Sunday, June 07, 2015

Guerra civil sem motivo ou propósito



Pedro J. Bondaczuk


O Líbano está vivendo uma situação humilhante e muito incômoda, no mais recente episódio da sua guerra civil, de quase dez anos de duração, cujos estragos são como se o conflito tivesse séculos. Enquanto tropas estrangeiras, as de Israel, começam a deixar o país (não sem antes trocar tiros e hostilizar muçulmanos libaneses) no Sul do território que ocupam há dois anos, outras forças alienígenas, as sírias, aumentam a sua presença no Norte.

Dessa forma, a sua soberania nacional continua sendo mera ficção, algo tão somente retórico. Os soldados de Damasco têm como pretexto para o aumento de sua presença na região a garantia da manutenção de Amin Gemayel na presidência libanesa, ameaçada, desta feita, pelo seu próprio clã familiar, que constitui o cerne da milícia cristã.

Um seu sobrinho e a própria cunhada do presidente (esposa de Bachir Gemayel, assassinado em 1982, pouco após ser eleito) questionam seriamente a liderança do mais jovem dos filhos do outrora todopoderoso criador da Falange, o falecido Pierre.

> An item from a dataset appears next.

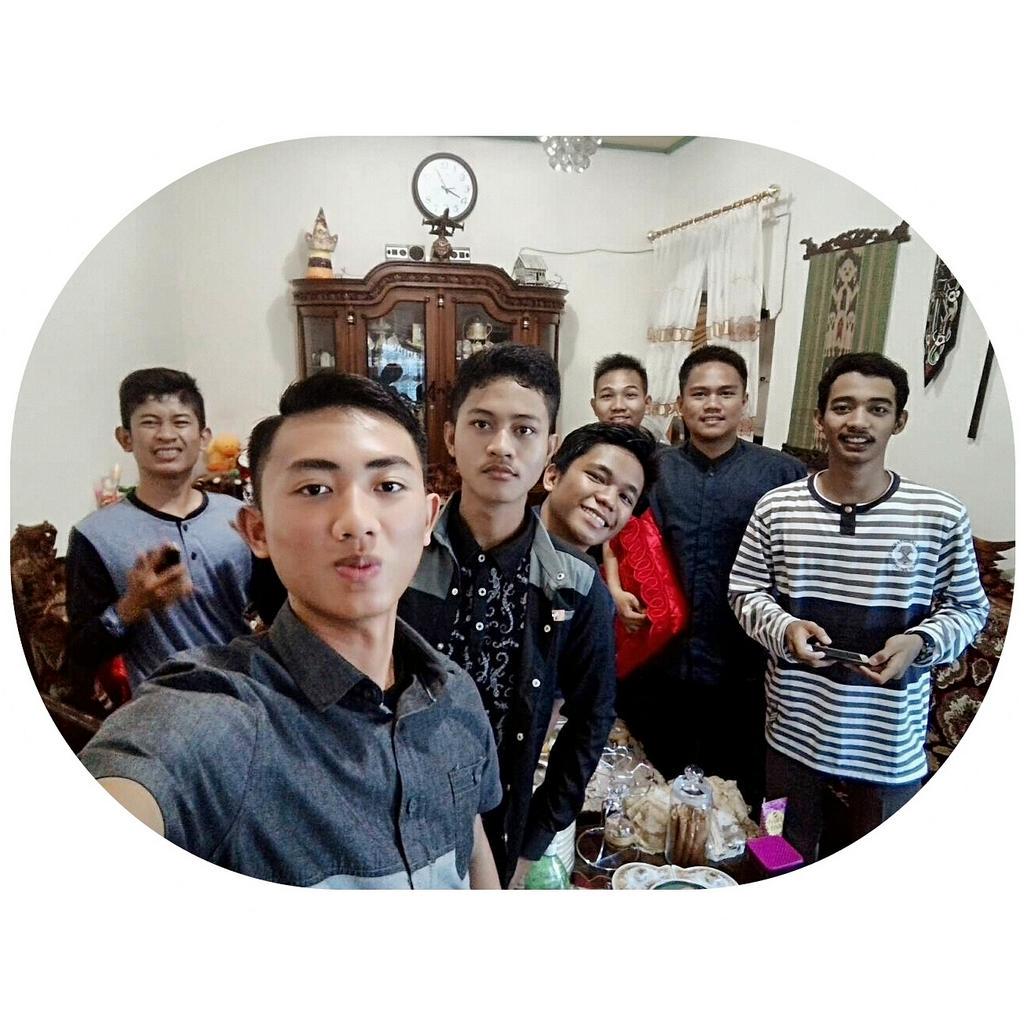 Ensemble nous pouvons Truppen patriotismus😏 @Majedd404 <a href="/FaizalPatraa/">Alfaizal Ismi Patra</a>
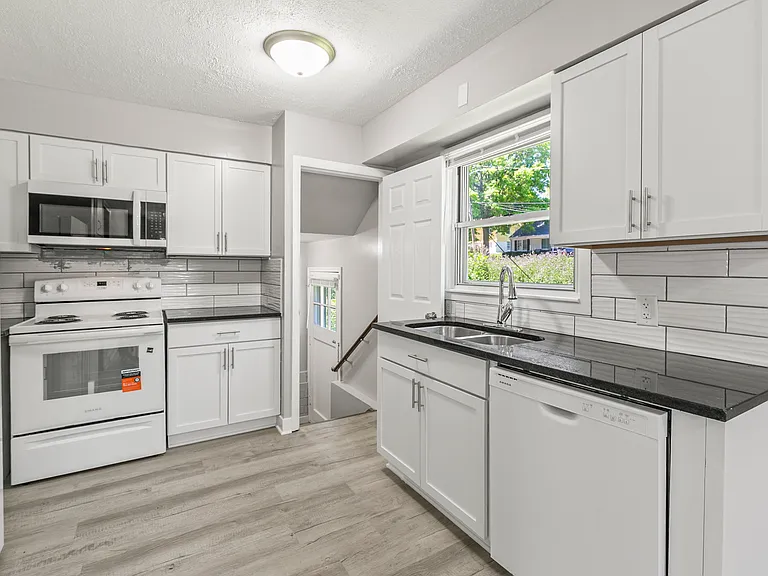 3704 Arbor St — Photo 5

O irônico, em tudo isso, é o fato dos sírios, no início da guerra civil considerados os maiores inimigos dos milicianos cristãos, estarem defendendo com tanto empenho um presidente da comunidade maronita. É mais uma reviravolta de um conflito que poderia ser considerado cômico, não fosse a tragédia de ter sido o responsável pela perda de centenas de milhares de vidas e por prejuízos materiais impossíveis de dimensionar, tal a sua proporção.

De uma guerra que transformou um Líbano modelar, cuja convivência entre suas diversas comunidades era mencionada como exemplo há menos de uma década atrás, num saco de gatos, onde as pessoas se matam e se hostilizam entre si, sem sequer saberem a razão.

E o que fez o mundo durante o desenrolar de toda essa tragédia? Assistiu passivamente, quando não colocou mais lenha nessa fogueira, obtendo lucros incalculáveis com a venda de armas para que essa luta fratricida atingisse proporções incontroláveis.

O que fez a ONU para que as partes conflitantes se sentassem ao redor de uma mesa e resolvessem civilizadamente suas pendências? Enviou meia dúzia de “gatos pingados” ao Líbano, que jamais justificaram o por quê de suas presenças ali. E as superpotências, perdidas em suas elucubrações hegemônicas e seus sonhos megalomaníacos de domínio mundial, o que fizeram?

Os russos, através de seus fiéis prepostos, os sírios, entupiram aquele país de armas e de tropas. E de “slogans” e doutrinas, que nunca encheram a barriga de ninguém. Os norte-americanos, embora perdendo centenas de vidas na região, poderiam ter feito mais. Mas estão presos a compromissos conflitantes, na maioria das vezes, com as aspirações libanesas, às quais jamais ligaram a mínima.

Parece que ninguém aprendeu coisa alguma com os horrores da Segunda Guerra Mundial, que todos diziam, seria a última que o mundo veria. É a história que, embora com outro cenário e outros atores, repete a tragicomédia da estupidez humana.

(Artigo publicado na página 19, Internacional, do Correio Popular, em 17 de março de 1985).